Beneath this line are entries. Copy the range from the line with "영암군 덕진면, 설맞이 대청소에 구슬땀" to the line with "Calvin Klein Jeans", ends included, exactly; leave pictures out.

**** Stored data

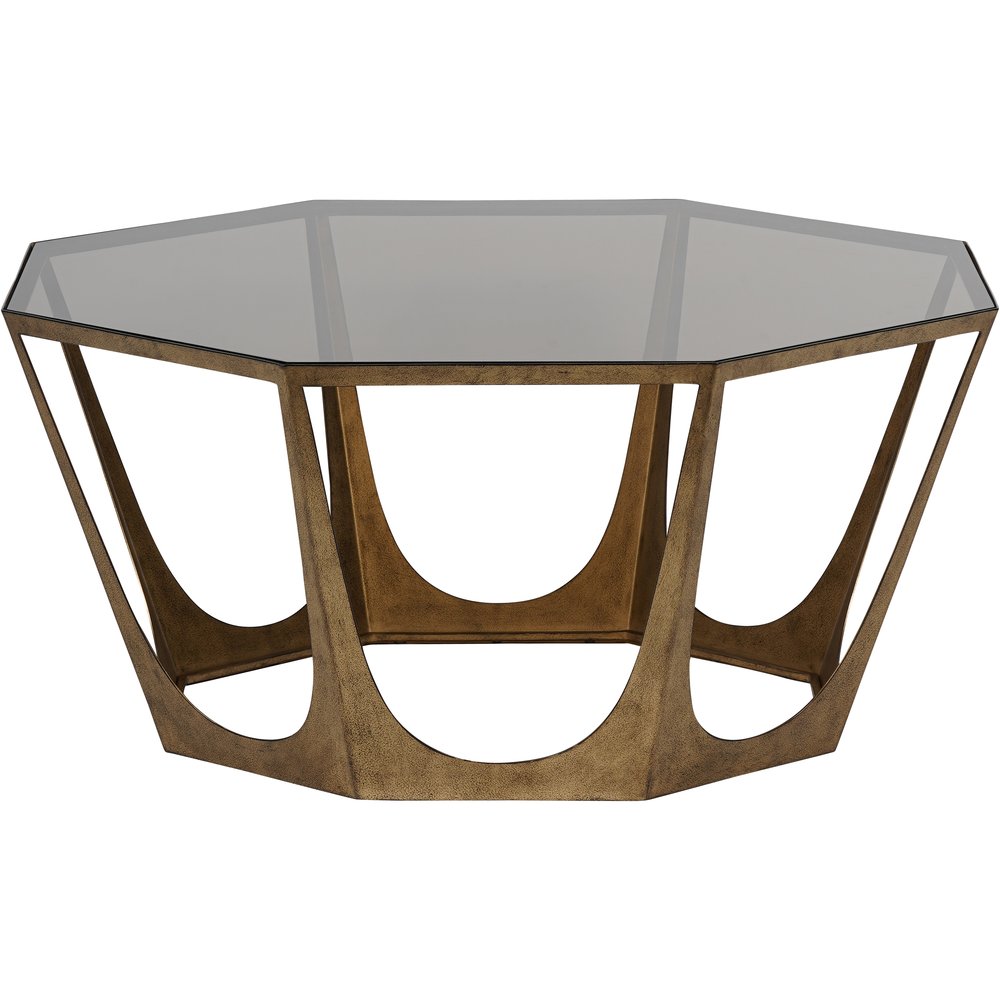 Libra Interiors Terassa Catalan Style Champagne And Smoked Glass Coffee Table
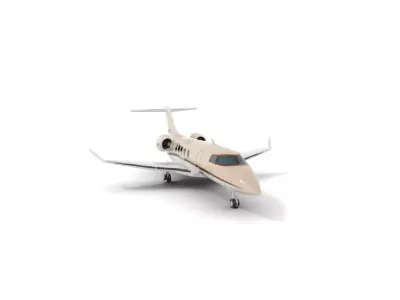 Luxury Business Jet Model Pack with Elegant Features Low-poly 3D model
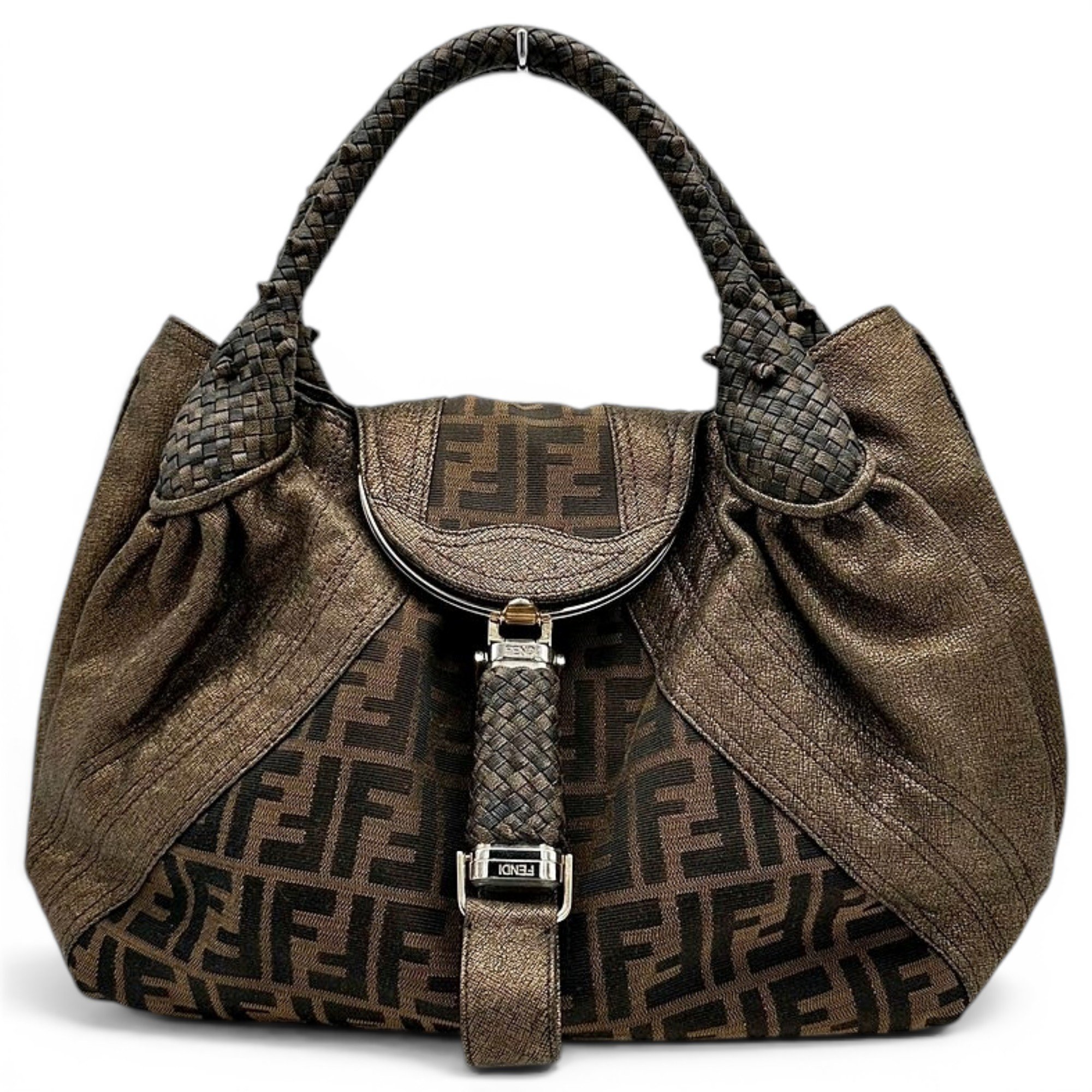 Spy leather handbag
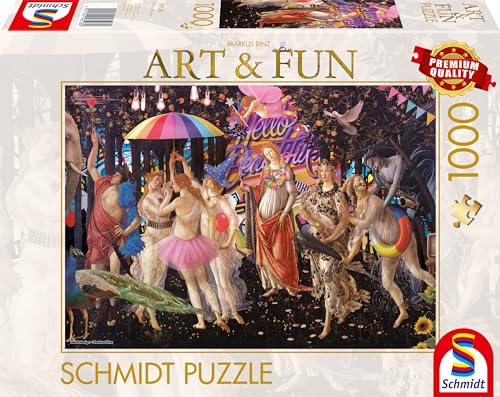 Schmidt Spiele 58528 Markus Binz, La Primavera 2024, 1000 Teile Puzzle, bunt von Schmidt
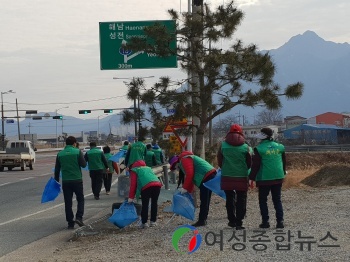 영암군 덕진면, 설맞이 대청소에 구슬땀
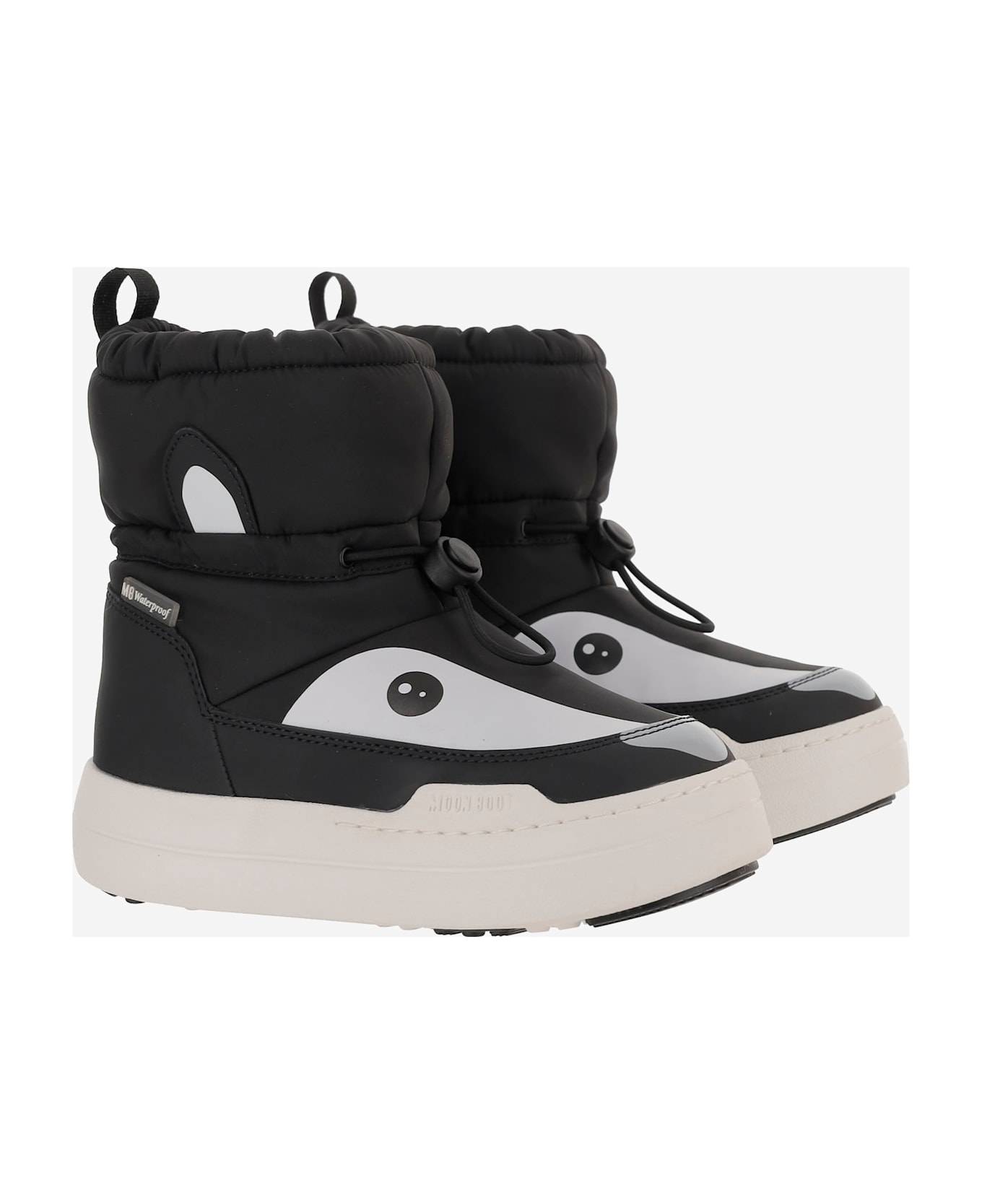 Moon Boot Junior Park Tube Mid Panda Boot - Panda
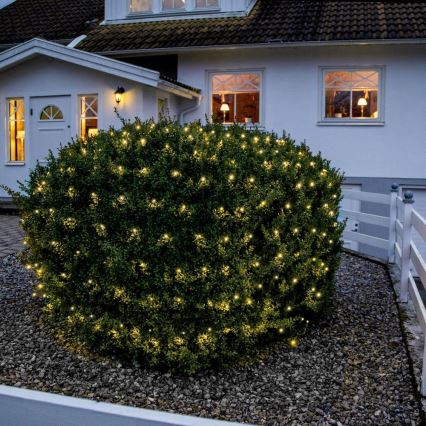 Eglo - LED Väli jõuluteemaline valguskett 200xLED 3m IP44 soe valge
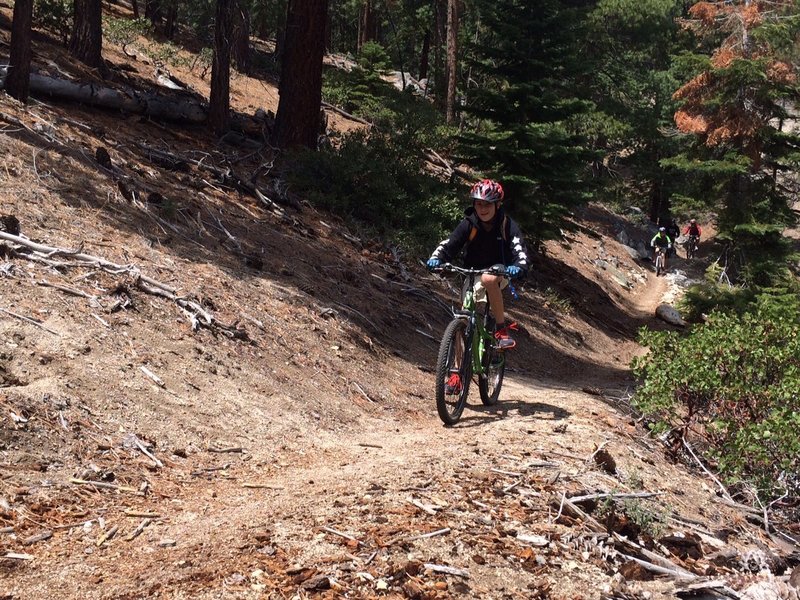 Enjoying the descent from Clear Creek back to Jacks Valley.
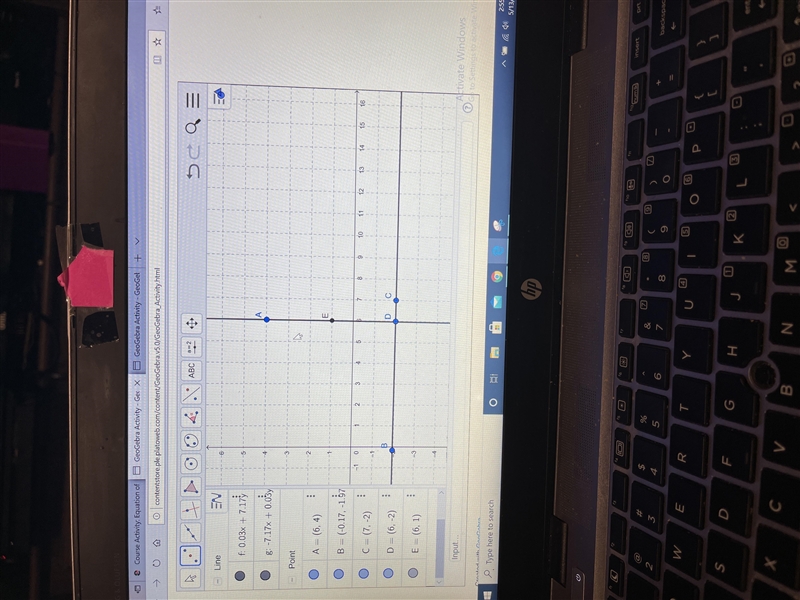 Explain how you can locate the vertex, V, of the parabola with the given focus and-example-1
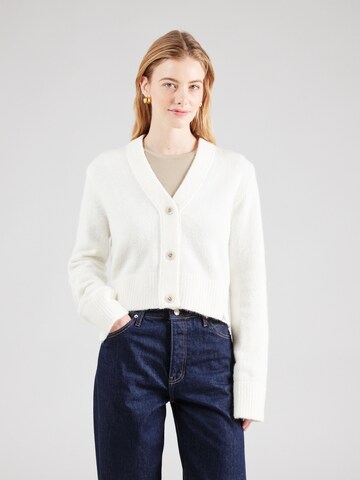 Calvin Klein Jeans Pletena jopa | bela barva: sprednja stran
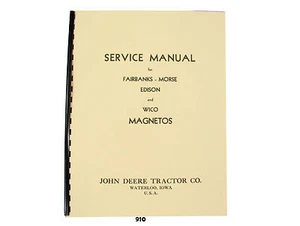 Manual de servicio John Deere Magneto Edison, Wico, Fairbanks Morse *910 - Imagen 1 de 4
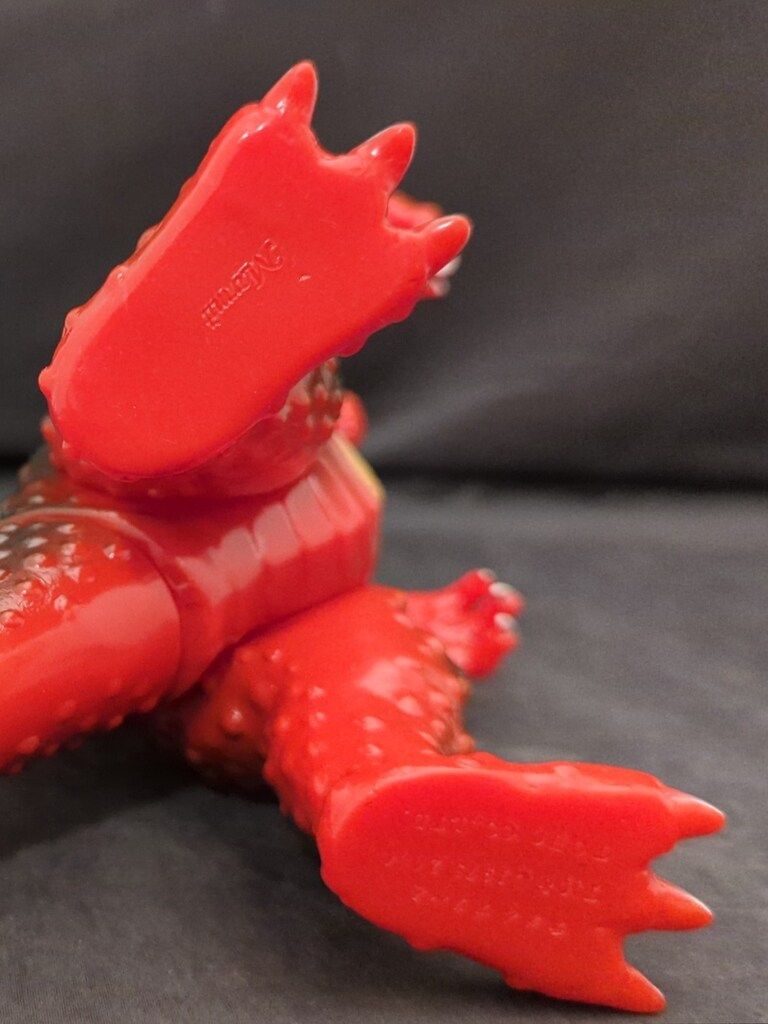 激レア】マーミット 世紀の大怪獣シリーズ チタノザウルス 赤成型 1期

********

### Answer for this exercise
 영암군 덕진면, 설맞이 대청소에 구슬땀
 Moon Boot Junior Park Tube Mid Panda Boot - Panda
 Eglo - LED Väli jõuluteemaline valguskett 200xLED 3m IP44 soe valge
 Enjoying the descent from Clear Creek back to Jacks Valley.
 Explain how you can locate the vertex, V, of the parabola with the given focus and-example-1
 Calvin Klein Jeans Pletena jopa | bela barva: sprednja stran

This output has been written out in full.